Start of Block

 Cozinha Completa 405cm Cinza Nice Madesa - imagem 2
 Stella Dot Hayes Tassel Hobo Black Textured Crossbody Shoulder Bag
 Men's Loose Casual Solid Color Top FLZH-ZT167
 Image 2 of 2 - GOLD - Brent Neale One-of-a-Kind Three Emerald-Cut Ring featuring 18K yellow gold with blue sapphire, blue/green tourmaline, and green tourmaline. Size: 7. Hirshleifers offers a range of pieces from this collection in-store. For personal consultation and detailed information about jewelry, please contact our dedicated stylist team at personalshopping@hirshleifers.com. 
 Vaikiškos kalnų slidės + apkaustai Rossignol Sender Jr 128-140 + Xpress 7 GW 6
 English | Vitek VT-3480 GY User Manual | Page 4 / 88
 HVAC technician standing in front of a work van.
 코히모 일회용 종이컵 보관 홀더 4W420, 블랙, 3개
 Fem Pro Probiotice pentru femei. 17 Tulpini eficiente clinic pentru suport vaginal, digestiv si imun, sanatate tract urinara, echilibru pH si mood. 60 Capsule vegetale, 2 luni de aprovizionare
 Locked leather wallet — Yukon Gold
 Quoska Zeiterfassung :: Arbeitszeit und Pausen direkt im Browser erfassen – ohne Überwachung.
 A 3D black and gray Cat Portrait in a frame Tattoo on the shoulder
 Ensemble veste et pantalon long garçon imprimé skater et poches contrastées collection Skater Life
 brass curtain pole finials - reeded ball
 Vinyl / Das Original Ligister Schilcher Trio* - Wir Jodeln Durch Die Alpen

End of Block

▶ **The task**: Every line of the listing that includes "collection" must be shown.

▶ **Task solution**:
 Image 2 of 2 - GOLD - Brent Neale One-of-a-Kind Three Emerald-Cut Ring featuring 18K yellow gold with blue sapphire, blue/green tourmaline, and green tourmaline. Size: 7. Hirshleifers offers a range of pieces from this collection in-store. For personal consultation and detailed information about jewelry, please contact our dedicated stylist team at personalshopping@hirshleifers.com. 
 Ensemble veste et pantalon long garçon imprimé skater et poches contrastées collection Skater Life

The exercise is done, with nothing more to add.